Virtually every ‘problem kid’ in the United States is diagnosed as being hyperactive, and so is prescribed a stimulant such as Ritalin (methylphenidate) or Adderall (methamphetamine).
Around five million children in the USA are taking some prescribed stimulant to treat their hyperactivity. Production of Ritalin has increased by 730 per cent between 1992 and 2000, while Adderall production has soared by 2500 per cent. The market for legal stimulant use in the USA is a cool $1 billion a year.

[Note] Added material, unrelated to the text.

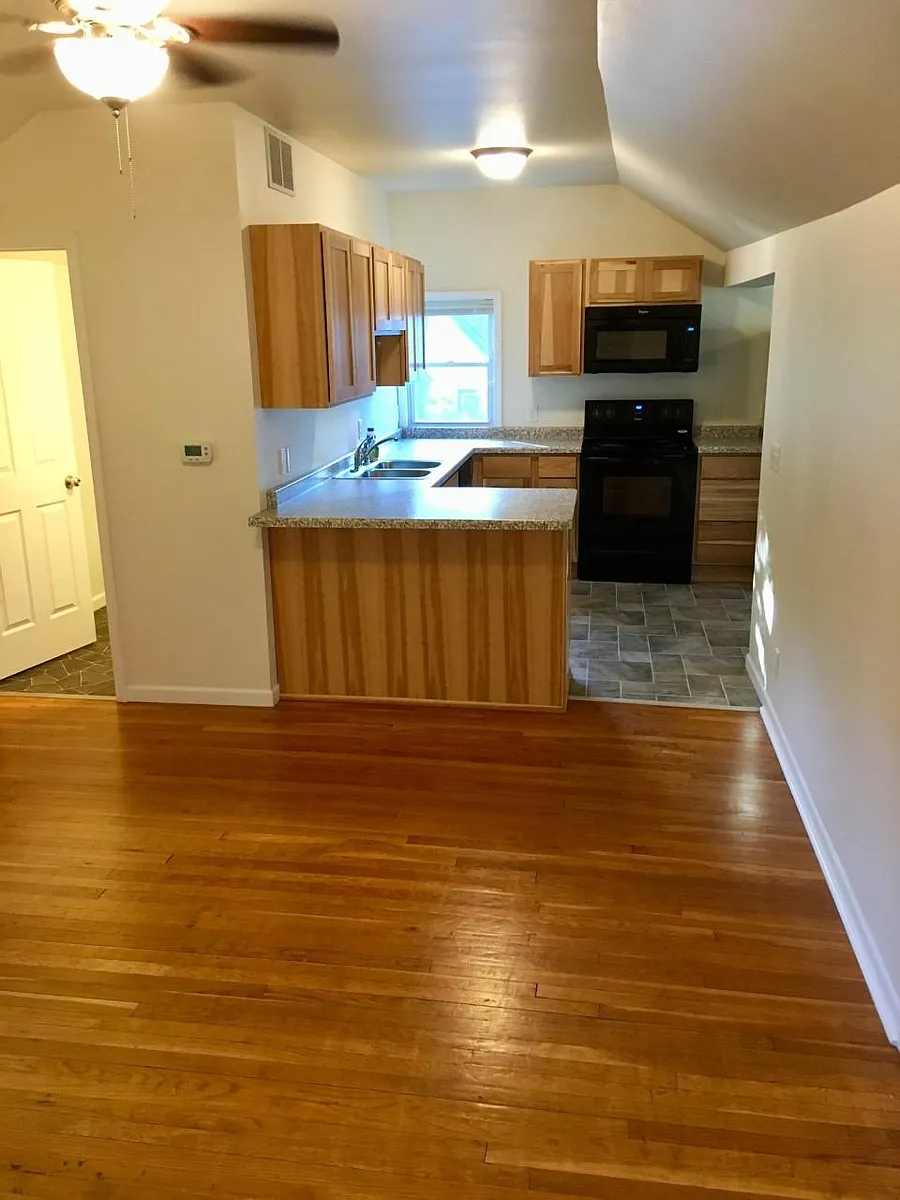 Building Photo - 58 E Elm St #1/2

This exponential growth has been fuelled, in part, by an intensive advertising campaign to doctors and parents, and also to the sweeping, and often inappropriate, diagnosis of hyperactivity, or ADHD. It’s also been used on children who are unruly, and on enhancing their performance at school.
Not content with making America a junkie culture, the manufacturers are now turning to Europe in general, and the UK in particular, to increase sales even further.
Currently, UK doctors prescribe only one-tenth of the Ritalin that their US counterparts prescribe, although this figure is slowly climbing.
The drug manufacturers now want to see a more rapid acceleration in the UK, warns leading American paediatrician Dr Lawrence Diller.
So, if your child ‘suddenly’ develops ADHD, and your doctor prescribes Ritalin or one of its competitors, you will know where the squeeze is coming from.